• Album review

  • Goldfrapp - Seventh Tree
    • Goldfrapp - Seventh Tree

    • Rating: * * * no star no star no star
    • Format: Album
    • Label: Mute
    • Reviewed by Chris Parkin
    • Posted: Mon Feb 18
  • Strutting around a disco for five years would, we imagine, get a bit tiresome. Especially if you’re wearing the kind of improbable, glitzy heels that Alison Goldfrapp probably wears to do the ironing. Two silver-plated albums (2003’s ‘Black Cherry’ and 2005’s ‘Supernature’) made a proper pop star out of Lady ’Frapp – a woman who has all the odd bits, actual talent and reluctance lacking in Lily Allen et al.
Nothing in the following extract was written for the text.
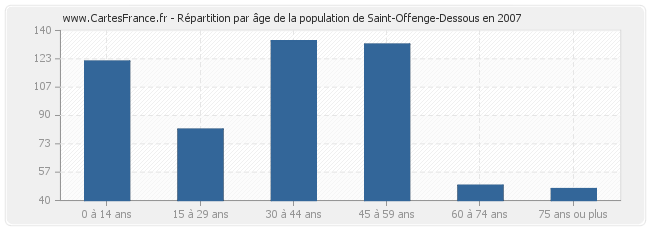 Répartition par âge de la population de Saint-Offenge-Dessous en 2007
But now the glammest band in electro-pop have gone home to put their slippers on and – whisper it – chill out.

    Like a musical X-Man, Goldfrapp have made a career out of mutation, from the eerie cabaret pop of ‘Felt Mountain’ to the T Rex-at-Nag Nag Nag stylings of ‘Black Cherry’ and ‘Supernature’. And ‘Seventh Tree’ is a different packet of crisps again, and perhaps the first to be a bit tasteless. The orchestral folk of ‘Clowns’ and ‘Eat Yourself’ lack the dark invention of their ‘Felt Mountain’ counterparts, impressing only the few remaining fans of Beth Orton, who made that sort of thing fashionable. And much of the ambient pop here – HGH’ed-up by classical music nut and Alison’s own Guy Chambers, Will Gregory – sails past unnoticed like Groove Armada.
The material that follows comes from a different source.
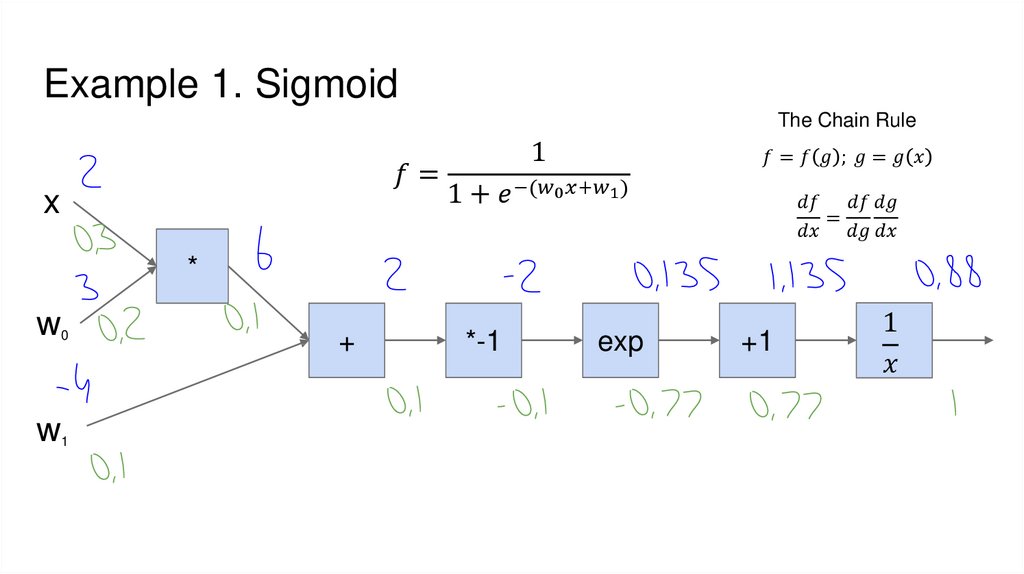 Example 1. Sigmoid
    The songs on the second half of the album bloom… gently. ‘Happiness’ is a twenty-third century Beach Boys, ‘Caravan Girl’ is the whooshing smash-hit Neu! never made, and the dozy ‘Monster Love’ suggests a collaboration between Kylie and Spiritualized at their ethereal best. As an early sound of the summer it’ll suit people who misrepresent Alison as a kaftan-wearing, dippy hippy. But we prefer her as the too-clever-by-half pop queen – a person we don’t see enough of here.